======== MATERIAL FOR THIS TASK ========
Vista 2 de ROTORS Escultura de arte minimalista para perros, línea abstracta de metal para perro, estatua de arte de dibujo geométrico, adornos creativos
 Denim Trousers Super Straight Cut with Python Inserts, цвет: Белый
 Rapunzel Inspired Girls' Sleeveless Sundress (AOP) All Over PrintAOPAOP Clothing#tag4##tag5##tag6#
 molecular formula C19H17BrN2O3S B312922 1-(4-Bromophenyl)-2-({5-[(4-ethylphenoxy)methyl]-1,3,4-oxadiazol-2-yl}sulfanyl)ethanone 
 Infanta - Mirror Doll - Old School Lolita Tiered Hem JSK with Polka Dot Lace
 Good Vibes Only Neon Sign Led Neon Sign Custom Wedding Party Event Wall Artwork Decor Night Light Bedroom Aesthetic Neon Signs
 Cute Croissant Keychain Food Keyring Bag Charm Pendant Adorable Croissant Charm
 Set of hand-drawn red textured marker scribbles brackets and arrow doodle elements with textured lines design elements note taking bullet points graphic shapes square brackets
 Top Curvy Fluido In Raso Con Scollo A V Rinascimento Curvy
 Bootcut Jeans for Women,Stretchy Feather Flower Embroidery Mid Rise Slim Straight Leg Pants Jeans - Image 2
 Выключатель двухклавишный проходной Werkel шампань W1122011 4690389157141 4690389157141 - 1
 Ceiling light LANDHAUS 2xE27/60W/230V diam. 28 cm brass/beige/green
========
WHAT IS REQUIRED: Output exactly the line containing "Infanta - Mirror" together with every line after it, ending at the final line of the entries.

SOLUTION:
 Infanta - Mirror Doll - Old School Lolita Tiered Hem JSK with Polka Dot Lace
 Good Vibes Only Neon Sign Led Neon Sign Custom Wedding Party Event Wall Artwork Decor Night Light Bedroom Aesthetic Neon Signs
 Cute Croissant Keychain Food Keyring Bag Charm Pendant Adorable Croissant Charm
 Set of hand-drawn red textured marker scribbles brackets and arrow doodle elements with textured lines design elements note taking bullet points graphic shapes square brackets
 Top Curvy Fluido In Raso Con Scollo A V Rinascimento Curvy
 Bootcut Jeans for Women,Stretchy Feather Flower Embroidery Mid Rise Slim Straight Leg Pants Jeans - Image 2
 Выключатель двухклавишный проходной Werkel шампань W1122011 4690389157141 4690389157141 - 1
 Ceiling light LANDHAUS 2xE27/60W/230V diam. 28 cm brass/beige/green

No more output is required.